Crawford crashed in training two days before competition and required seven stitches in her upper right arm.
Despite the injury the 17-year-old recorded two solid runs in a combined time of 2:23:25 on a bluebird day at Les Diablerets in Switzerland.
“The top half of the course I skied pretty positively, I could’ve been stronger in the second half but overall I was really happy with my runs,” said Crawford.
“I loved today it was so amazing, usually I get pretty nervous but the atmosphere here is so cool so it was a great experience.”
The course was icy and steep at points with around half of the 78 competitors crashing and recording a DNF.
Crawford was supported by her mum and dad and three siblings who travelled from Auckland for the Games.
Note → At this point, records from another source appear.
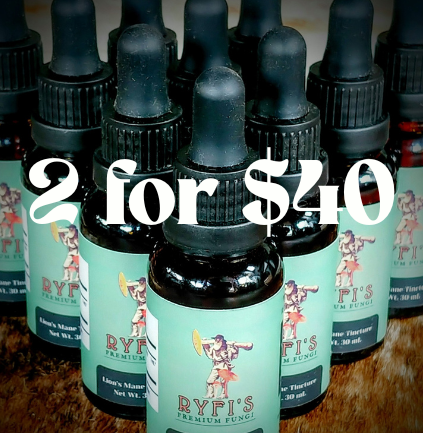 2 for $40 - Small Business Saturday SALE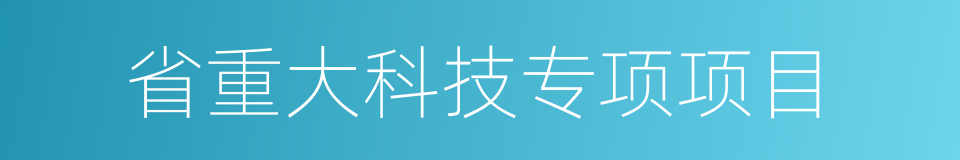 省重大科技专项项目的同义词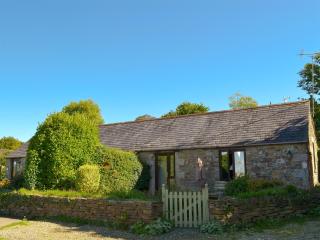 Campion Cottage - Saint Teath - 0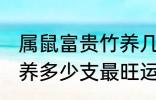 属鼠富贵竹养几支最旺运 属鼠富贵竹养多少支最旺运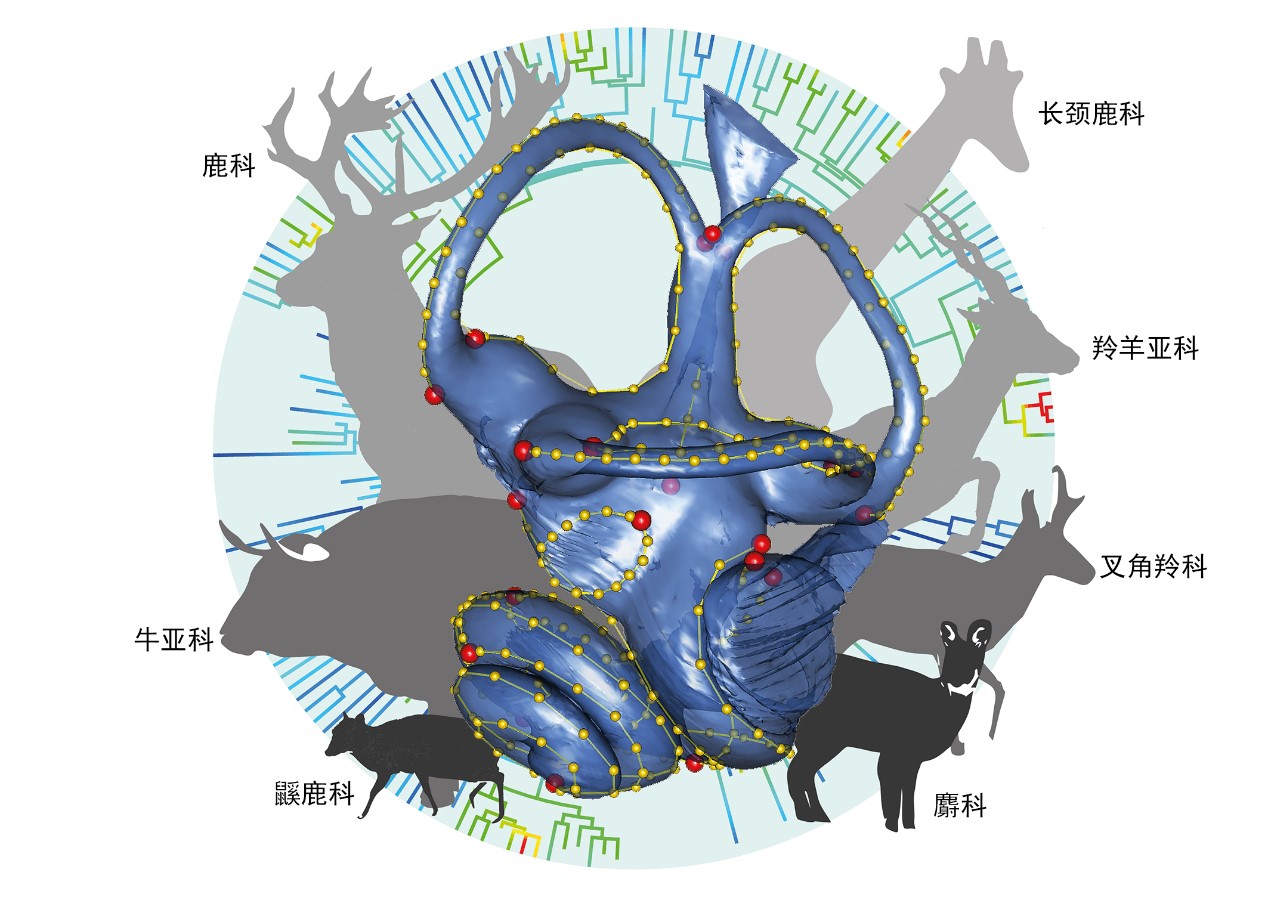 化石研究不可“貌相”?听觉器官成革命性证据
“It’s pretty special to have them here, I’m really lucky.”
Crawford (Auckland Diocesan School) will compete in Slalom on Tuesday January 14th.
Meanwhile the New Zealand Curling Team defeated Turkey in a tight match to continue its unbeaten run.
Zoe Harman, Lucy Neilson, Hunter Walker and Will Becker combined to defeat the Turkish side 7-6 for their third win from three matches at the Champery Curling Arena.
They take on Norway tomorrow (January 13th).
New Zealand’s luge athletes have also been in action, hurtling down the track at speeds in excess of 100kph.
Dunedin athletes Hunter Burke and Ella Cox have been training in temperatures as low as -20 degrees in the satellite village of St Moritz.
“You’ve just got to stay inside as much as possible when it’s this cold but the Youth Olympic environment has been amazing I’m loving it,” said Burke.
“It’s lovely to be here and I’m really enjoying it. There’s loads of snow here which I’m loving even though it keeps getting all through my boots,” added Cox.
Above: Ella Cox
The Luge events will take place on Switzerland’s famed St Moritz-Celerina Bobrun which hosted the 1924 and 1948 Olympic Winter Games. Unlike other bobsleigh and luge tracks, the track is not artificially refrigerated but is created each winter using only snow and water.
The New Zealanders say the track is living up to its legendary status.
“It’s really smooth and very fast. Overall it’s a really good track which should make for some good racing,” said Burke.
“Training’s going well I’ve had clean runs haven’t hit the wall or crashed at all. There’s definitely bits I can improve on but I’m feeling confident that I’ll be able to step it up from here,” said Cox.
Luge begins on January 17th.
Winter Youth Olympic Games coverage is available on Sky Sport.